**WHAT YOU SHOULD DO:** Below are entries; repeat exactly, and nothing else, the lines from the one holding "Mompush Olli Baby" through the one holding "Flight Deck L Snow Goggle", inclusive. Leave the pictures out.

**SUPPLIED MATERIAL:**
= = = = =

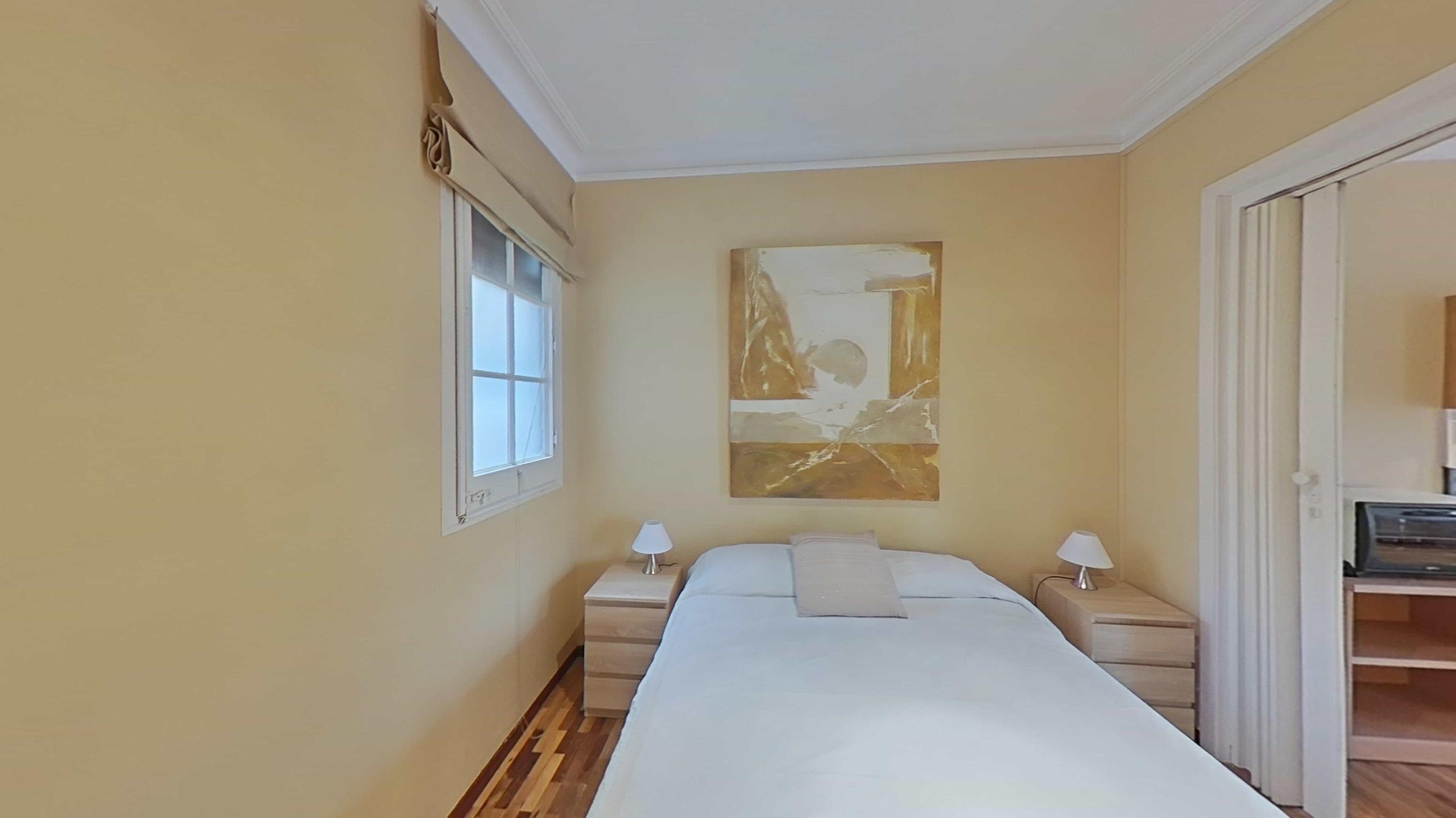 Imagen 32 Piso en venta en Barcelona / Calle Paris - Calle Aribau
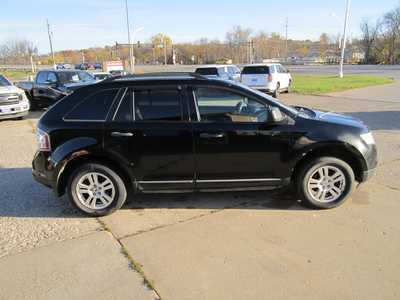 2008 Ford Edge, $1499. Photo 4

= = = = =

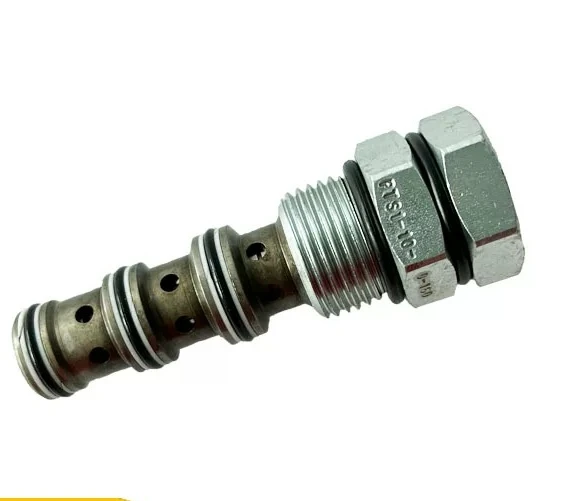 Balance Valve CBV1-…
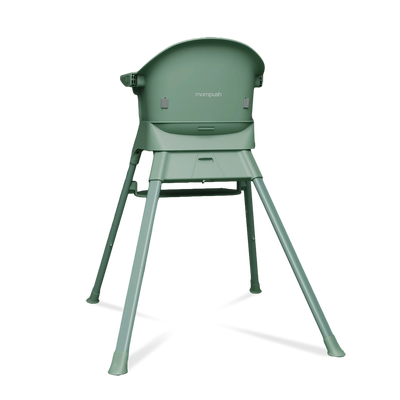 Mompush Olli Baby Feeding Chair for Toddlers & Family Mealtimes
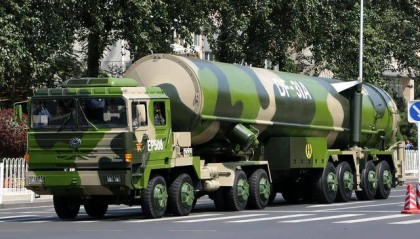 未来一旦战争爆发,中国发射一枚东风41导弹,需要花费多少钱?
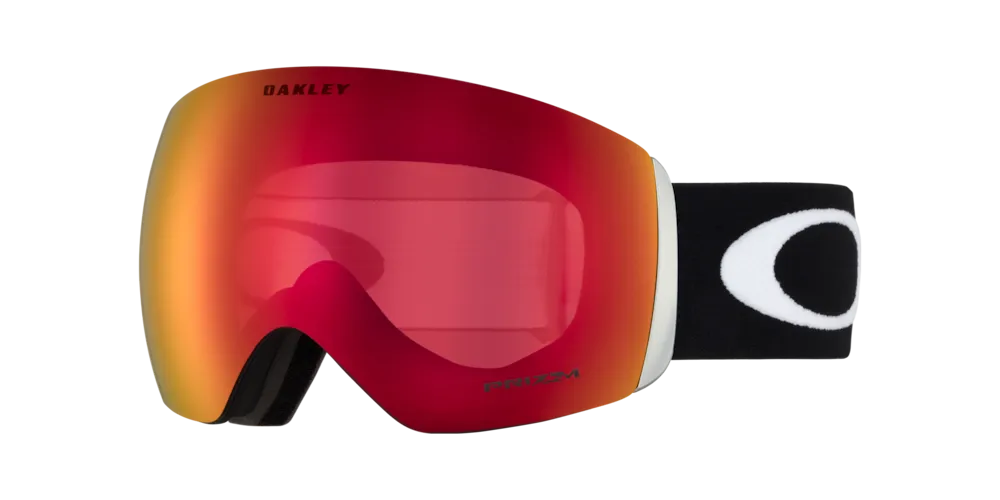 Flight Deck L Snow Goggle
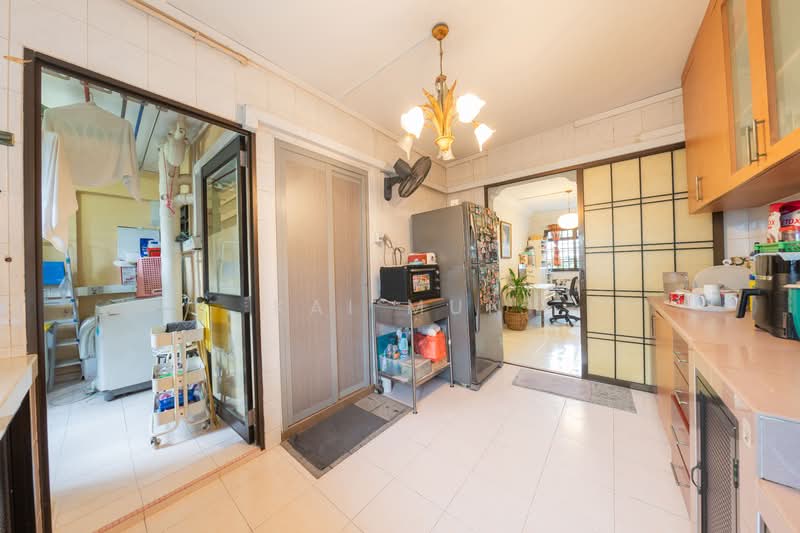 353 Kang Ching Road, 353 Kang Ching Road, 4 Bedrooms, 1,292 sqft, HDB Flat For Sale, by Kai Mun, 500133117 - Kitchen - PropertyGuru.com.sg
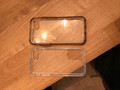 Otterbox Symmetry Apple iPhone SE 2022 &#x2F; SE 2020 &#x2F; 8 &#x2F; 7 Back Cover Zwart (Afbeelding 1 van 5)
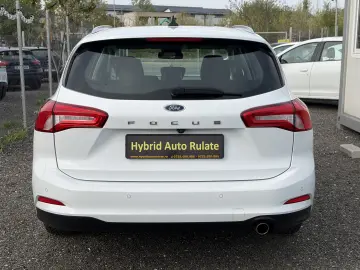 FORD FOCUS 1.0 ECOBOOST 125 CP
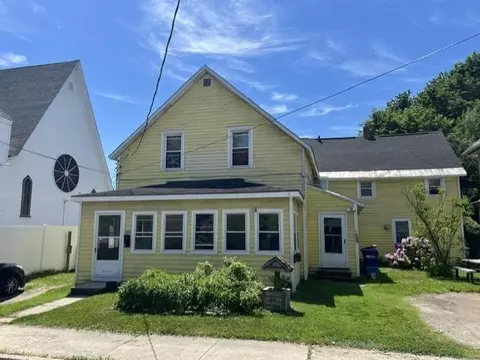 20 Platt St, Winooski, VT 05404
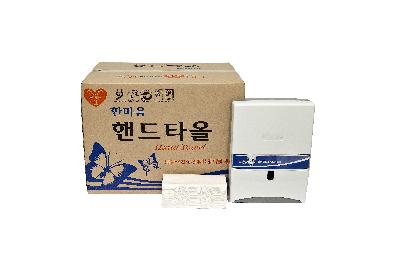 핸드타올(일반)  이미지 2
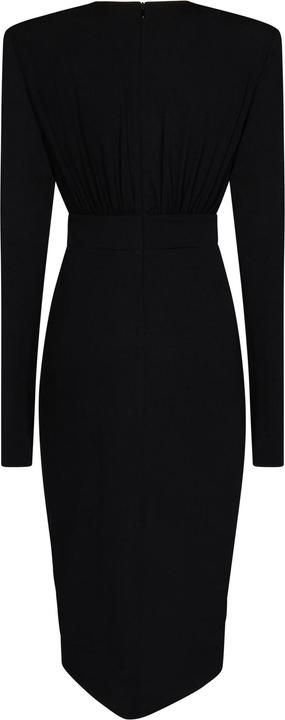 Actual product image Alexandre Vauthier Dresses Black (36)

= = = = =

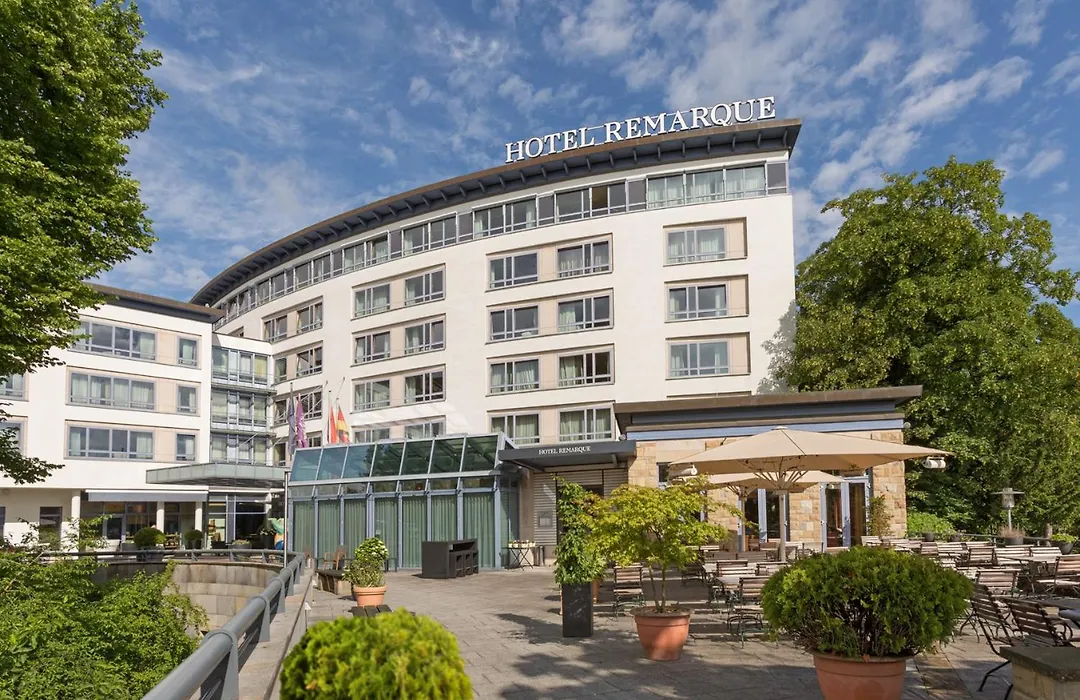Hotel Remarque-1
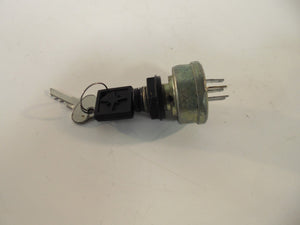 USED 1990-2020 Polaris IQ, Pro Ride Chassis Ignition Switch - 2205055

= = = = =

**RESPONSE BOX:**
 Mompush Olli Baby Feeding Chair for Toddlers & Family Mealtimes
 未来一旦战争爆发,中国发射一枚东风41导弹,需要花费多少钱?
 Flight Deck L Snow Goggle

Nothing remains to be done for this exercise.